Although Quality Improvement Organizations (QIOs) continue to perform reviews related to quality of care and expedited determinations, they no longer perform the majority of utilization reviews for acute PPS hospitals or LTCH claims. The review of acute PPS hospitals and LTCH claims is now the responsibility of other CMS program contractors including: Carriers, Fiscal Intermediaries (FIs), Program Safeguard Contractors (PSCs), Zone Program Integrity Contractors (ZPICs) and Medicare Administrative Contractors (MACs).


ZPIC Audit Outcomes, CMS Extrapolation & ZPIC Appeals

ZPIC auditors refer all identified overpayments to the Medicare affiliated contractor (typically a MAC), who subsequently sends the provider a demand letter for recoupment of the perceived overpayment. In any case involving an overpayment, even where there is a strong likelihood of Medicare fraud, the MAC will typically request recovery of the overpayment.

Under most circumstances, ZPIC audit contractors may use statistical sampling to calculate and project (i.e., extrapolate) the amount of overpayment(s) made on claims. The Medicare Prescription Drug, Improvement, and Modernization Act of 2003 (MMA), mandates that before using extrapolation to determine overpayments, there must be a determination of sustained or high level of payment error, or documentation that educational intervention has failed to correct the payment error.

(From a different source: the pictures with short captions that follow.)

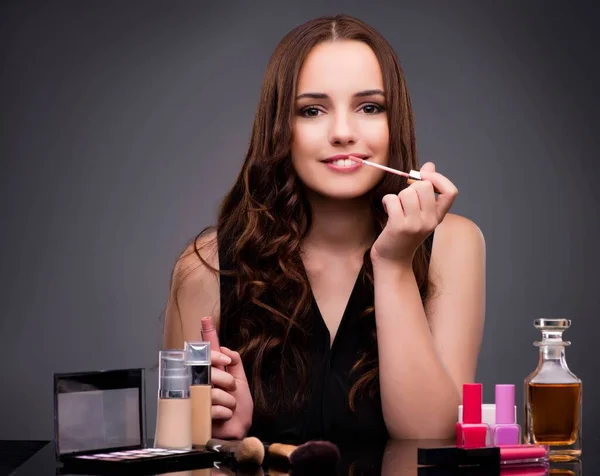 Žena, která dělá make-up na tmavém pozadí — Stock fotografie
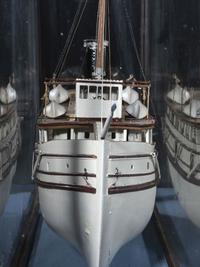 A Painted Wood Cased Steamboat Model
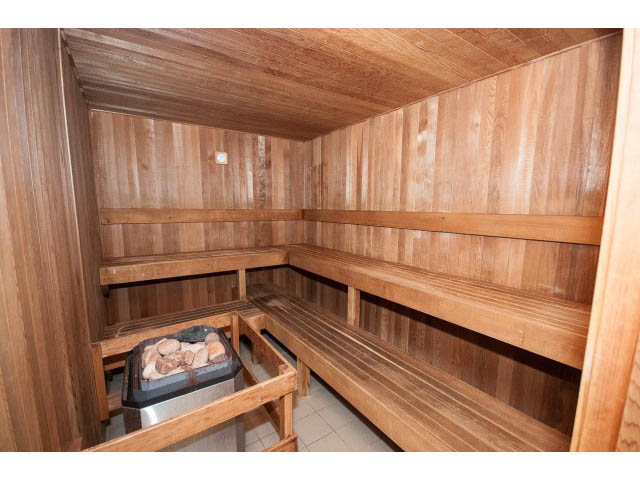 Furnished sauna with wooden benches and a stone heater. - 706 - 1088 Quebec St., Vancouver East Side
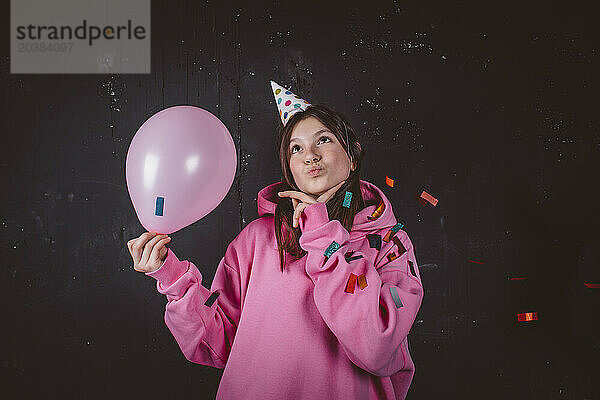 Thoughtful girl in hat holding balloon at birthday party in front of black background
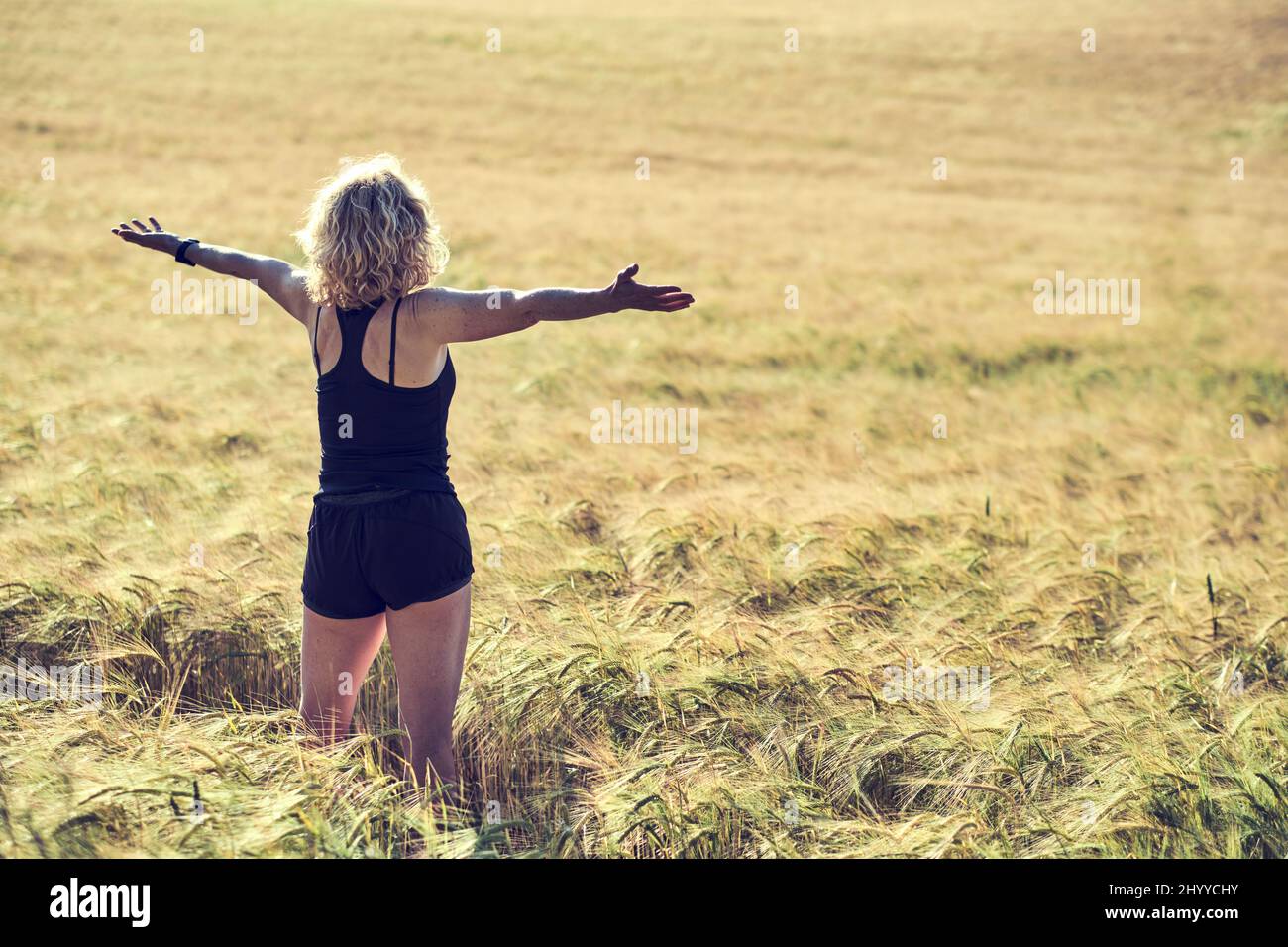 Portrait arrière d'une jeune femme caucasienne adulte avec des cheveux blonds dans des vêtements de sport en plein air dans un paysage de céréales agricoles. Concept de style de vie. Banque D'Images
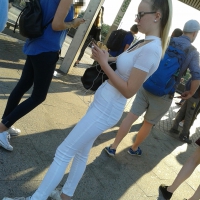 Skinny blonde in white jeans
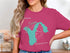 Teal outline of Washington State on a raspberry t-shirt with "Lake Union" and "Beautiful Washington" text.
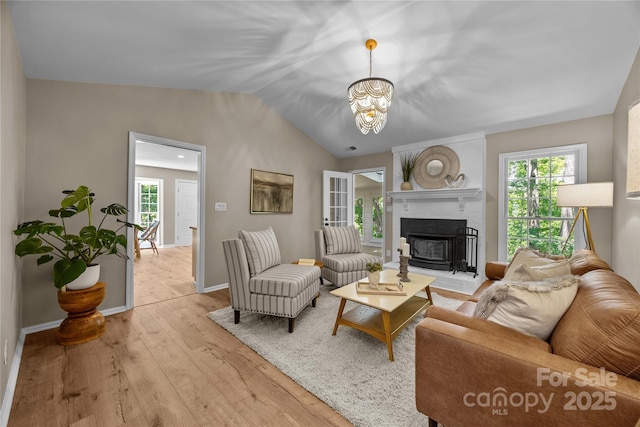 living room with light wood-type flooring, a chandelier, plenty of natural light, baseboards, and vaulted ceiling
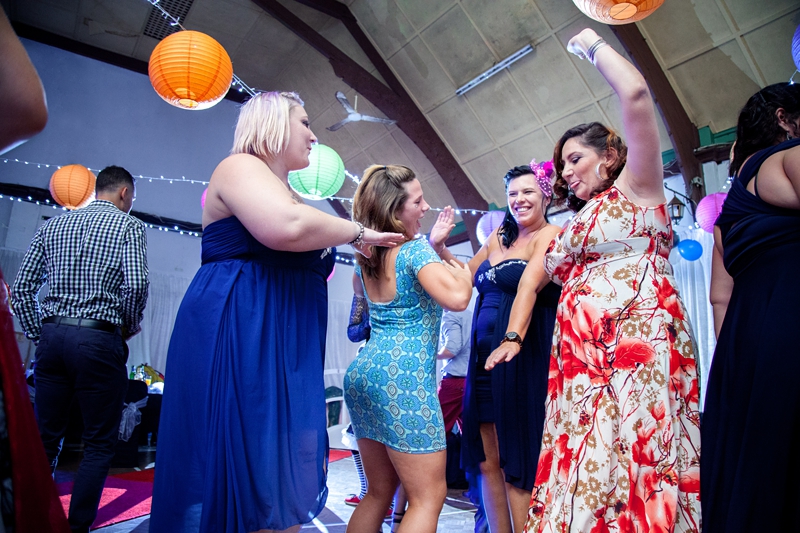 Guests dancing at Alice in Wonderland themed wedding.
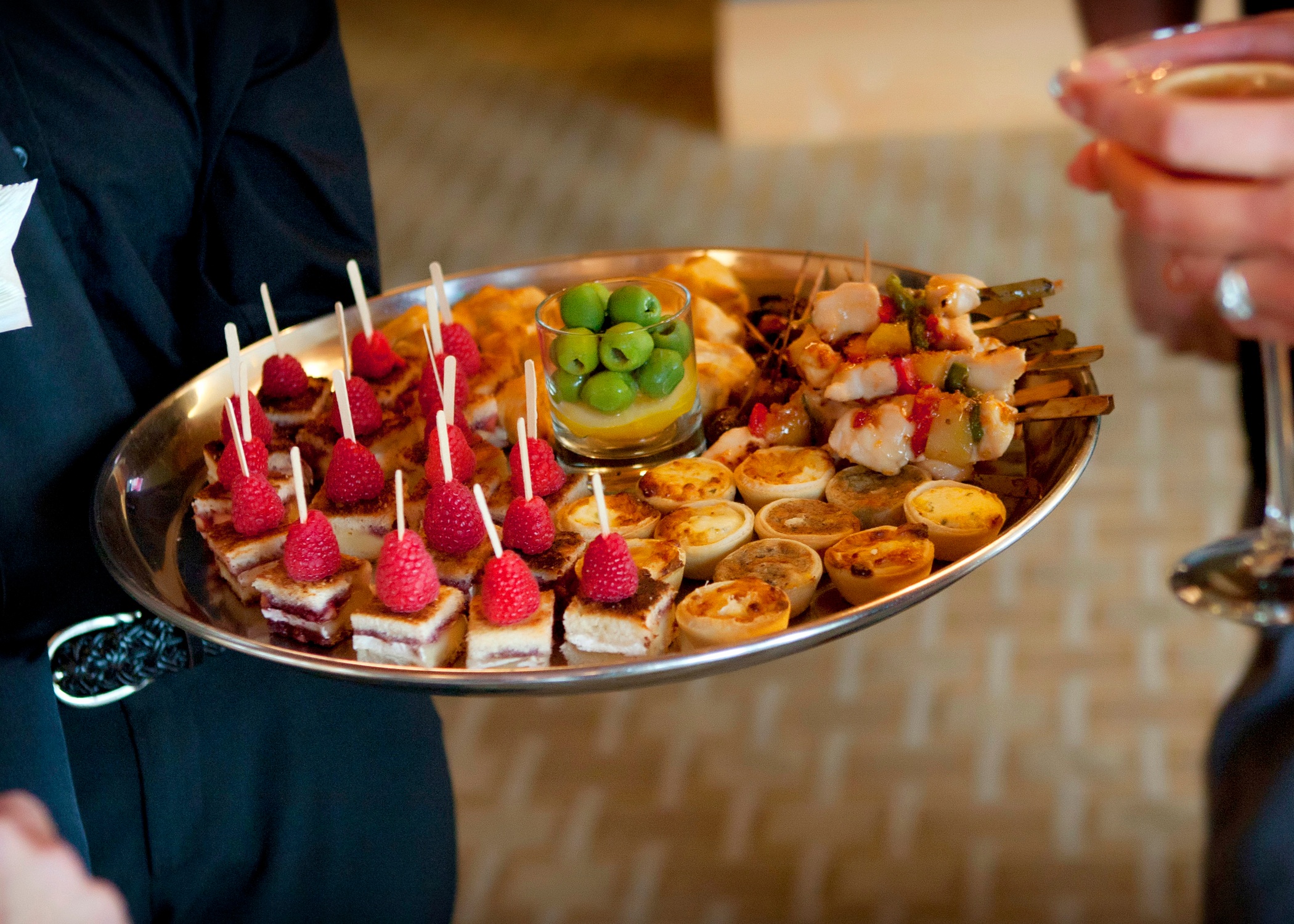 Golfers enjoy a variety of appetizers after a networking event at Hazeltine National Golf Club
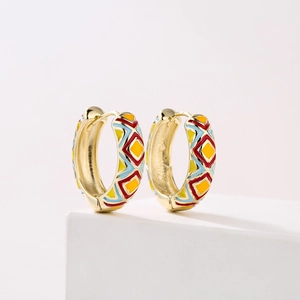 18K gold plated hoop earrings with colorful enamel geometric patterns on white pedestal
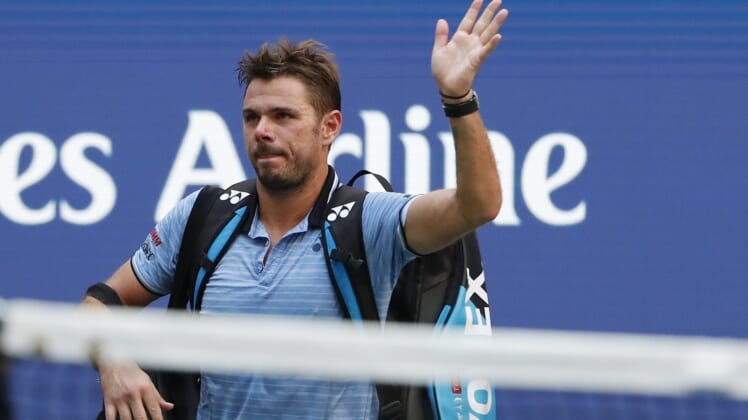Sep 3, 2019; Flushing, NY, USA; Stan Wawrinka of Switzerland waves to the crowd while leaving the court after his match against Daniil Medvedev of Russia (not pictured) in a quarterfinal match on day nine of the 2019 US Open tennis tournament at USTA Billie Jean King National Tennis Center. Mandatory Credit: Geoff Burke-USA TODAY Sports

A sustained or high level of payment error may be determined to exist through a variety of means is not subject to administrative or judicial review. Examples include: error rate determinations by ZPIC audits / MAC audits, probe samples, data analysis, provider/supplier history, information from law enforcement investigations, allegations of wrongdoing by current or former employees of a provider and audits or evaluations conducted by the OIG.

If the provider elects to appeal a claim reviewed by a ZPIC, then the ZPIC forwards its records on the case to the CMS affiliated contractor (typically a MAC) so that it can handle the Medicare appeal. ZPICs are required to have a medical specialist involved in denials that are not based on the application of clearly articulated policy with clearly articulated rationale.